Die verlassene Kirche „In Jesu Namen“

Die verlassene Kirche „In Jesu Namen“

„Ich bin der Weg, die Wahrheit und das Leben“

Zugegeben: ich kenne mich mit Kirchen – ob verlassen oder in Nutzung – nicht im Detail aus. Für mich gehören der Altar, eine Orgel und jede Menge Sitzbänke dazu. Ach, und nicht zu vergessen das Taufbecken und die Kerzen. Was aber die Bauweise angeht, könnte ich nicht sagen, in welche Himmelsrichtung das Kirchenschiff steht oder was sich in den Räumlichkeiten befindet, in die der Prediger im Anschluss an seine Rede verschwindet.

Somit war mir auch nicht klar, dass es das Besondere dieser Kirche ist, dass sich im Untergeschoss Gemeinde- und Wohnräume befinden und Hochparterre der Kirchenraum. Sicherlich fand ich es ungewöhnlich, eine Treppe ins Kirchenschiff hinauf gehen zu müssen. Aber da ich die Kirche eh nicht durch den Haupteingang betreten hatte, schenkte ich meinen Fotomotiven mehr Aufmerksamkeit.

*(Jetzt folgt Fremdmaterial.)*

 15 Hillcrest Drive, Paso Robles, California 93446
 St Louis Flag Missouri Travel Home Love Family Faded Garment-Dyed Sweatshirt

Im Nachhinein habe ich versucht, etwas mehr Informationen über diese Kirche herauszufinden, was sich als schwierig erwies. Sie wurde auf jeden Fall in den Jahren 1891 bis 1899 nach Plänen des bekannten halleschen Kirchenarchitekten Fahro errichtet. Interessant fand ich die hölzerne Decke, da ich bisher nur Kirchen kenne, die eine steinerne Gewölbedecke haben. Aber wenn es danach ginge, würden dieser Kirche auch fette Marmorsäulen und diverse Heiligenfiguren fehlen. Überhaupt fehlt es dieser verlassenen Kirche an Prunk, Glanz und Gloria. Aber genau deswegen mochte ich diese Kirche. Die Highlights hier waren dafür die kleinen guseisernen Öfen, oder noch besser die alte Karte der Bibel-Geschichte. Bei der Gelegenheit habe ich gleich mal meine Geografie-Kenntnisse von Palästina und Kanaan und Co aufgefrischt. Wobei ich nicht sicher bin, ob ich jemals einen genauen (Lage)Plan des „heiligen Landes“ hatte. Kann ich auch heute nichts mit anfangen, müsste mich interessieren. Die Karte ist trotzdem ein tolles Relikt und zum Glück ziemlich heile. Das kann man von der Kirche nicht behaupten. Die evangelische Kirchengemeinde Hettstedt beantragte im Jahr 2002 den Abriss der Kirche, die bereits von Schimmel befallen ist, Löcher in der Decke aufweist und insgesamt in eine marode Schieflage geraten ist. Dennoch steht sie 20 Jahre nach dem Antrag immer noch.